■衝突被害軽減ブレーキの守備範囲拡大がマイナーチェンジのメインテーマ
言わずと知れた「日本で最も売れているクルマ」であるホンダ・N-BOX。2019年度の上半期(4月~9月)の販売台数は13万6047台で、またまた登録車を含むすべての新車販売でのナンバーワンとなっています。そもそもN-BOXの月販目標は1万5000台ですから、目標の1.5倍近いペースで売れ続けているというわけです。
現行型にフルモデルチェンジしたのは2017年9月。デビューから2年を経ても、この勢いを維持しているのはまさに驚異的です。
そんなN-BOXが10月4日にマイナーチェンジを受けました。好評のエクステリアには手を入れず、内装でも「運転席&助手席ヒーター」と「左右独立式リアセンターアームレスト」をほとんどのグレードに標準装備した程度。マイナーチェンジとしては非常に地味な内容に見えます。

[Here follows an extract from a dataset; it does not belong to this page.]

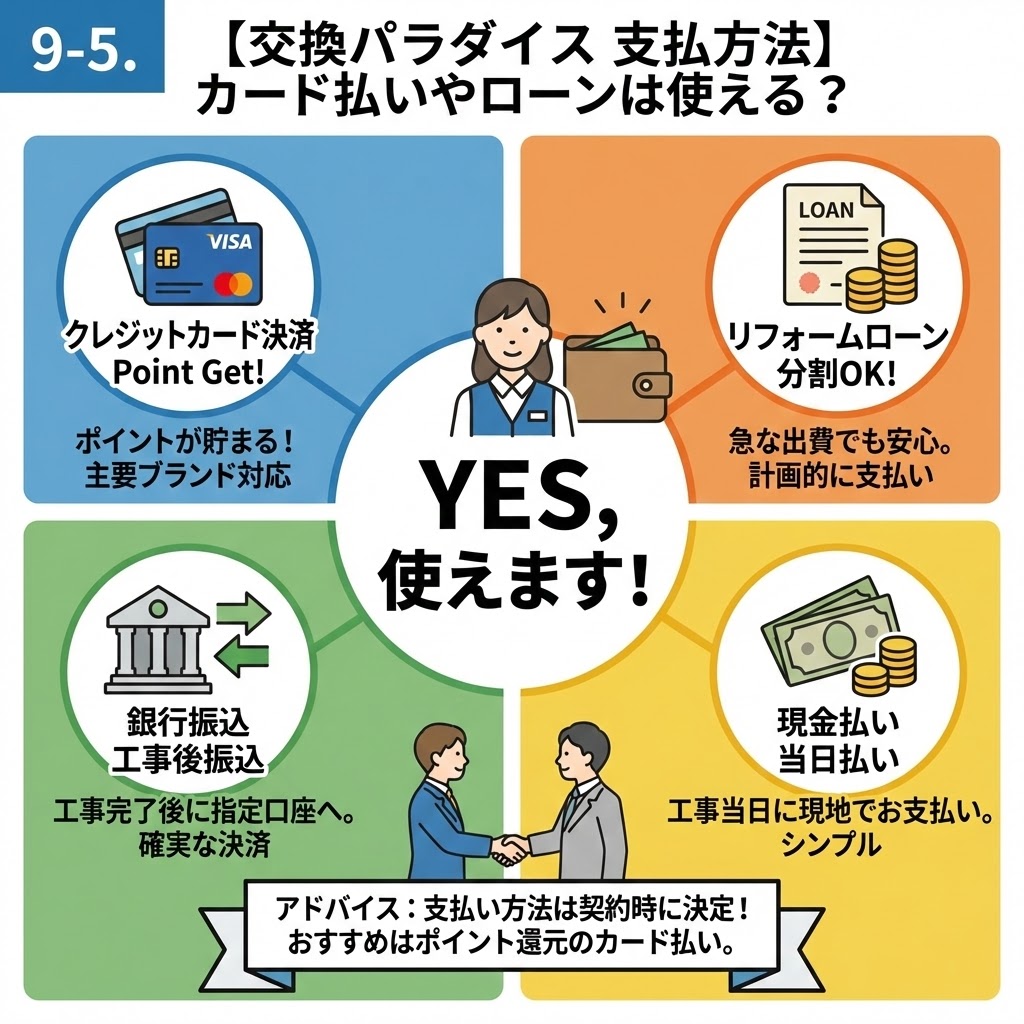 「9-5. 【交換パラダイス 支払い方法】カード払いやローンは使える？」と題したインフォグラフィック。中央に笑顔のスタッフと財布のイラストがあり、「YES, 使えます！」と大きく表示。その周囲に4つの支払い方法が紹介されている。左上は「クレジットカード決済（VISA, Mastercardなどのアイコン）」で「ポイントが貯まる！主要ブランド対応」。右上は「リフォームローン（LOAN書類とコインのアイコン）」で「分割OK! 急な出費でも安心。計画的に支払い」。左下は「銀行振込（銀行のアイコン）」で「工事後振込。工事完了後に指定口座へ。確実な決済」。右下は「現金払い（紙幣と硬貨のアイコン）」で「当日払い。工事当日に現地でお支払い。シンプル」。最下部にはビジネスマンが握手するイラストと共に「アドバイス：支払い方法は契約時に決定！おすすめはポイント還元のカード払い。」と記載されている。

しかし、今回のマイナーチェンジにおけるメインテーマはADAS(先進運転支援システム)の進化にあります。「Honda SENSING(ホンダ センシング)」の衝突軽減ブレーキ(CMBS)の性能を大きくアップデートしているのです。
具体的には前方を横断する自転車や夜間の歩行者といった従来のシステムでは検知しきれなかった対象を認識できるようになっていますす。つまり、事故回避の支援能力を高めたということになります。また、リアワイドカメラの画素数を従来の30万画素から100万画素まで向上させ、解像度を上げているのも進化ポイントです。
かつてマイナーチェンジといえば、走りの性能や利便性を向上させることが商品力につながると考えられていました。しかし、いまのユーザーニーズは違います。先進安全性能を向上させることが商品力につながる時代です。

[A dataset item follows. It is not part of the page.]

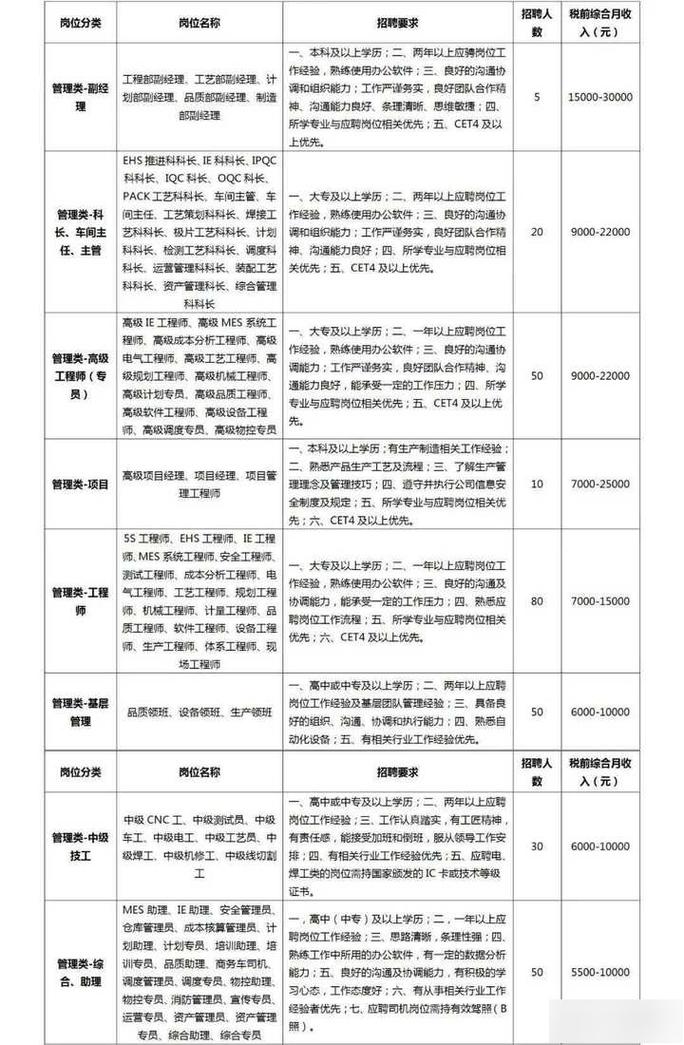 南郑区症结词seo排名优化_南郑区优化收集工资系统提升综合做事水平 南郑区症结词seo排名优化_南郑区优化收集工资系统提升综合做事水平 必应SEO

理想をいえばスマートフォンのアプリのようにほぼ自動的にアップデートしてほしいところ(自動車用語ではOver the Airを略してOTAと呼んでいます)ですが、こと安全にかかわる機能ですからそうはいかない部分があるのも理解できます。ですから、このようにマイナーチェンジによって性能アップをするというのが、現時点での最適解なのでしょう。

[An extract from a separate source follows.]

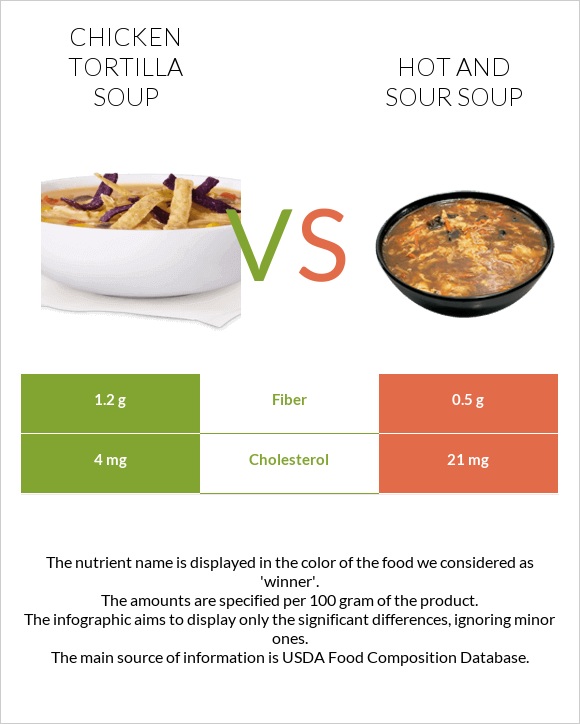 Chicken tortilla soup vs Hot and sour soup infographic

先進安全性能を最優先に進化させるという姿勢がN-BOXが売れている理由を示しています。一部のグレードにだけ先進安全機能を与えるのではなく、どのグレードを選んでも最新のADASが備わっているという安心感がN-BOXにはあります。このようにユーザーマインドにしっかりと応えた進化を続けている限り、N-BOXが売れ続ける状況は変わらないでしょう。
しかし、一強時代というのはけっして健全ではありません。ライバルと目される他モデルがN-BOXを超えることで、より充実したモデルをユーザーは手に入れることができるでしょう。そうなることを期待したいものです。